Já os robots de San Marino quase roubavam o protagonismo às duas intérpretes, prova que “o tamanho não importa” — cartaz que roubou uma gargalhada à plateia. E por falar em tamanho, temos miss hot legs. Não sabendo a altura da cantora da Austrália, os presentes decidiram: Diva. Temos também diversidade. A Hungria arriscou com um tema que fugiu ao épico ou ao popvision, o que foi bem recebido pelos presentes (serão saudades dos Lordi?).
A ter em atenção, a julgar pela reação da maioria, está o tema da França. “Merci”, do duo Madame Monsieur, um relato do drama dos refugiados que tentam atravessar o Mediterrâneo. Os franceses, que não atuaram, à semelhança da Alemanha e Itália, porque integram os “big-5”, surpreenderam ao fazer uma versão em francês de “Amar pelos Dois”. Independentemente da língua, um ano depois, a resposta ao tema de Salvador e Luísa Sobral continua a ser arrepiante. A sala parou, quem estava ao bar virou costas, silêncio, peito apertado, é físico e espiritual ao mesmo tempo. Nenhuma canção conseguiu esta noite o que aquele minuto conseguiu. E em cada minuto destes, os irmãos Sobral voltam a ganhar o festival.

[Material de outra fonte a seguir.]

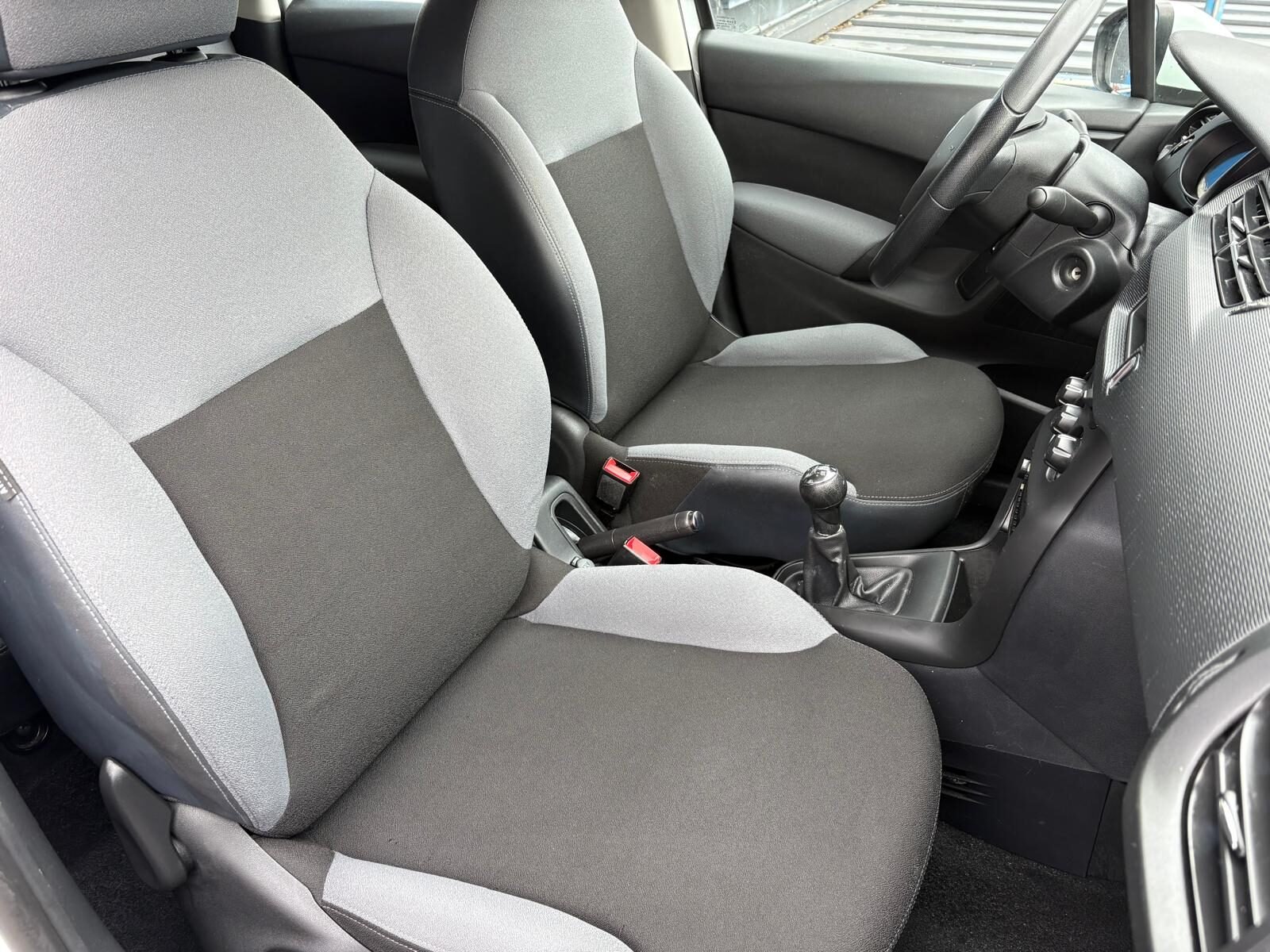 CITROEN C3 1.1 I Attraction 60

A um passo da vitória, apuradas para a grande final de sábado, ficaram a Suécia, a Austrália, a Noruega, a Dinamarca, sem surpresa, e a Hungria, a Ucrânia, a Eslovénia, a Moldávia, a Sérvia e a Holanda. Houve abraços, beijos e até lágrimas.

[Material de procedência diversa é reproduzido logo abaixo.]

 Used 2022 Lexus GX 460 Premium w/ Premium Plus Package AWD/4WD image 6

Mas the show must go on e a noite ainda é uma criança. Arredam-se os sofás, aumenta-se o palco, e a festa segue ao som de “Dancing Lasha Tumbai” tema com o qual, em 2007, a drag queen Vera Serduchka alcançou um segundo lugar em Helsínquia. Nós, infelizmente, viemos para casa. Havia este artigo para escrever.
“Eurovisão é sinónimo de inclusão”
Fãs desde sempre ou convertidos ao carisma do evento. Pela primeira vez na Eurovisão ou repetentes. Sem bilhete para a Altice Arena ou porque alguém lhes disse que o bar era o melhor sítio na cidade para ver as semifinais (ou o mais quente, já que o Terreiro do Paço pode obrigar a mais um casaco). Dececionados com a atuação de Netta ou cada vez mais derretidos – “ayeayeaey” – com Eleni Foureira. Todos crêem que a Eurovisão é um espetáculo LGBTI friendly — “talvez o maior” — mas complicado é explicar porquê. Uns recorrem a participantes do passado, que fizeram história e se tornaram símbolos; outros falam da identificação com o tipo de música, do “glamour”, do “show”, das “divas”. Aproveitámos os intervalos para falar com alguns dos presentes.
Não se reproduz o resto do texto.